DMC palette & stitching guide
Embroidered Garden Floral Hoop
A lush round-hoop garden design with a pink tulip, foxglove bells, white daisies, coral filler blossoms, rounded hydrangea clusters, and dense layered greenery. The palette below is estimated from the visible embroidery preview and translated into practical DMC stranded-cotton choices for a soft botanical finish.
Likely DMC Color Palette
Coverage is a visual estimate rather than exact thread usage. The design relies on quiet green layering, rosy-pink petal shading, white daisy contrast, and small raised knots for the hydrangea and filler blossoms.
Stitching Suggestions
Keep the big flower shapes smooth, then contrast them with knotty flower heads and fine airy stems. Most of the charm comes from alternating dense leaves with tiny open negative spaces.
| Element | Best stitch | How to work it |
|---|---|---|
| Tulip and large pink bloom | Long-and-short stitch with split-stitch outline | Use 2 strands for the fill. Angle each stitch from petal base to tip, changing from 3687/3688 at the base to 3689 or 899 at the lip. |
| Foxglove-style bell flowers | Padded satin, detached chain, and tiny backstitch | Make each bell as a curved satin-fill pouch; add one dark pink stitch inside the throat so the flowers look hollow. |
| Daisies | Lazy daisy or straight stitch petals with French-knot centers | Work petals in 1-2 strands of 3865. Place 3078 first for the center, then dot a few 782 knots over it for warmth. |
| White hydrangea mound | French knots, colonial knots, or seed stitch | Cluster 1-wrap knots in 3865 and add a few pale green shadow stitches underneath so the white mass does not look flat. |
| Blue-lavender hydrangea | French knots with mixed blue-violets | Blend 156 and 340 in scattered knots; keep lighter knots near the upper-left and deeper knots near the lower-right. |
| Large leaves | Fishbone stitch and long-and-short stitch | Use 2 strands. Work the central vein first, then stitch diagonally toward the edge so the leaves read as folded and ribbed. |
| Fine ferny sprays | Stem stitch with single straight leaves | Use 1 strand of 3052 or 3011 for airy side foliage; avoid overfilling so the delicate stems remain botanical. |
| Coral side blossoms | French knots and tiny straight stitches | Use 353 for raised buds, then anchor each cluster with muted green branching in 1 strand. |
| Grounding stems at base | Straight stitch, split stitch, and couching | Stitch the vertical stems last around the leaf base; vary greens so the lower edge stays natural instead of one solid band. |
Thread Count, Blending & Shading
Strand guidance
- Use 2 strands for most petals, large leaves, and satin-filled bell flowers.

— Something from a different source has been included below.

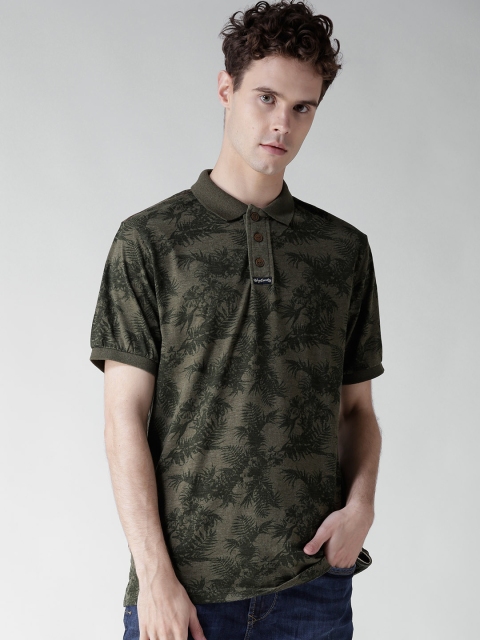 

Tokyo Laundry Men Olive Green Printed Polo Collar T-shirt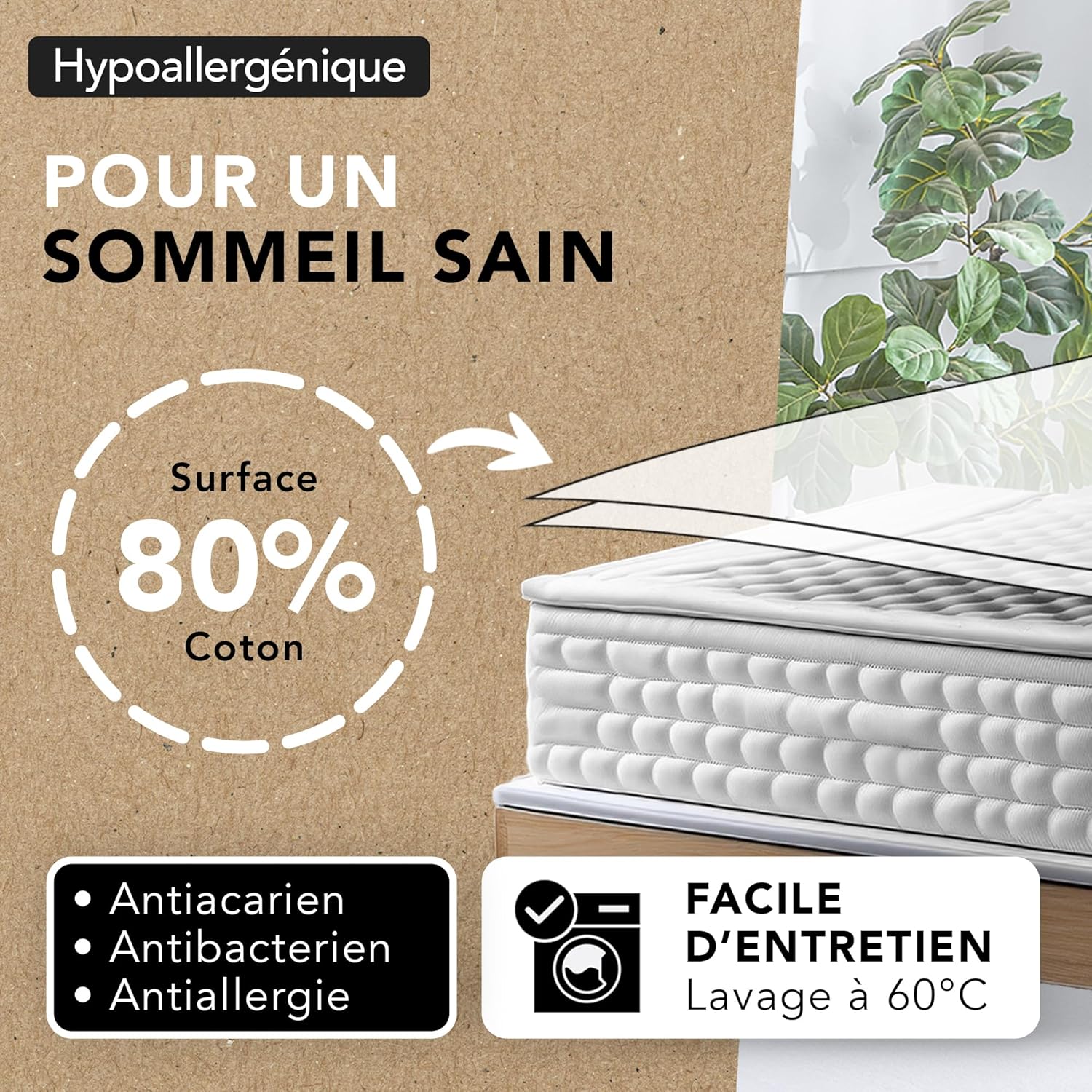 Thumbnail 3 de Ôhm Protège Matelas 160x200 cm imperméable en coton (alèse forme drap-housse) anti-acariens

- Use 1 strand for fine stems, leaf veins, petal outlines, and small internal flower marks.
- Use 2-3 strands only for French knots that need a plump hydrangea or berry-like texture.
Blending ideas
- For pink flowers, thread one strand of 3688 with one strand of 3689 for soft mid petals.
- For darker petal cups, blend 3687 with 3688 and keep the darker strand closest to the flower center.

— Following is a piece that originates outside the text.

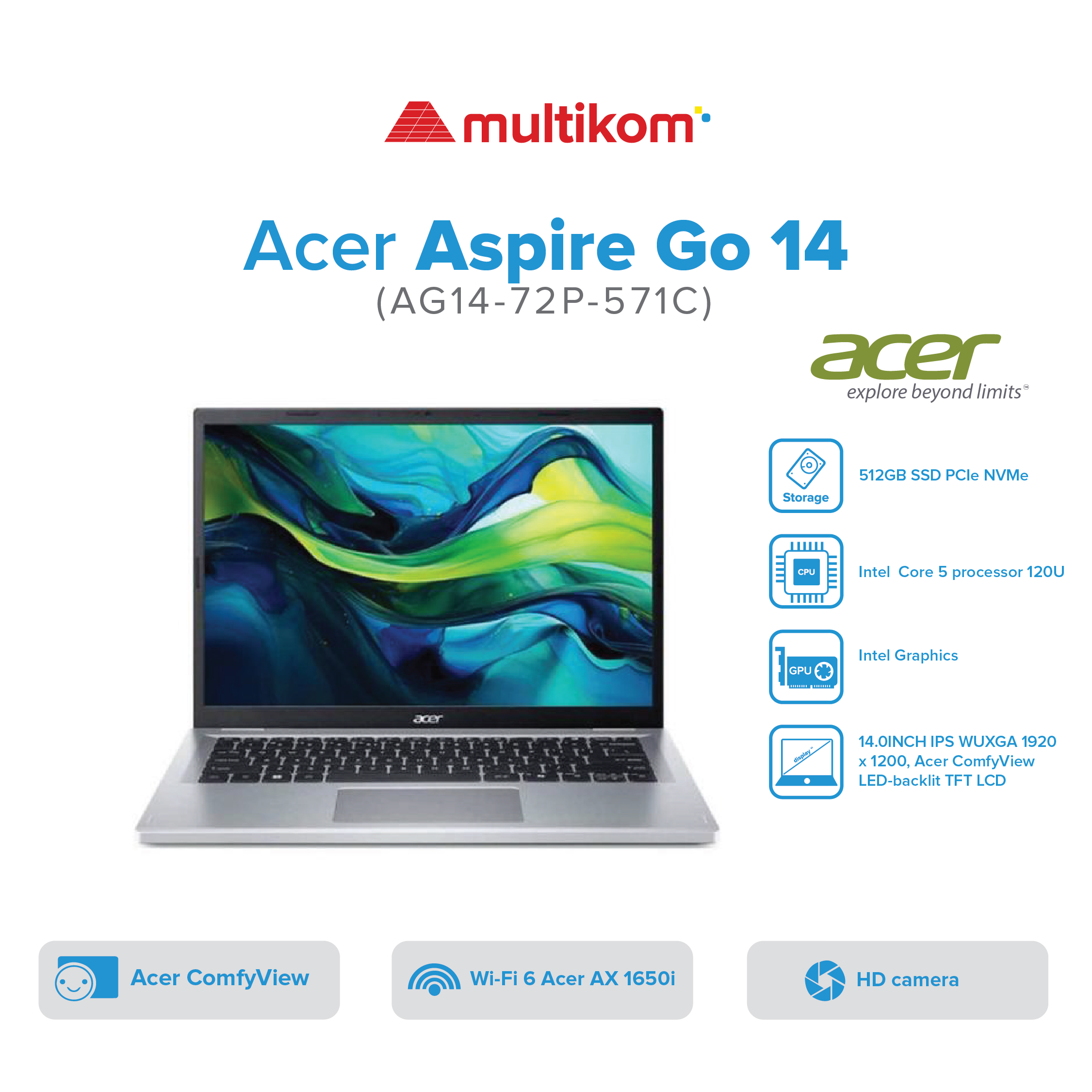 ACER ASPIRE GO 14 AG14-72P-50C7 INTEL CORE 5 120U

- For sage greenery, alternate 3363 and 3052 instead of blending every stitch; it gives a more natural garden rhythm.
Outlining details
- Outline the tulip with split stitch before filling so the petal edge remains crisp.

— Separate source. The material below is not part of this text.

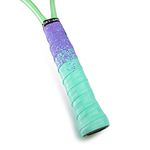 Get A Grip - Custom Tennis Racket Grip Tape - Anti-Slip/Quick-Drying Tennis Overgrips - Precut Badminton Racket Grip with Finishing Tape - Squash Racket Grip Tapes (Paint The Lines (Purple + Mint), 1)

- Use dark green sparingly around leaf overlaps; too much outline can make the garden look heavy.
- Backstitch tiny foxglove throats with 3687 or one touch of brown-purple for a shadowed opening.
Texture notes
- Work the hydrangea clusters with varied knot sizes so they read as rounded blooms.
- Use straight stitches of different lengths for the grass-like base; avoid a perfectly even lower edge.
- Add daisy centers after the petals so the knots sit proudly on top.
Beginner-Friendly Working Order
Lightly stitch the main stems and central veins first so every flower has a clear anchor.
Stitch the tulip, large leaves, and foxglove bells before adding tiny details.
Build the white and blue hydrangeas with knots, placing lighter knots on top and darker ones below.
Add daisies, coral knots, leaf veins, and final outlining as the last pass.
Finishing Notes
This garden hoop looks best when the greenery feels layered rather than flat. Let the darkest greens form the shadowed base, reserve winter white for crisp daisy petals and hydrangea highlights, and keep pink shading directional so each bloom has a natural cup, fold, or bell shape.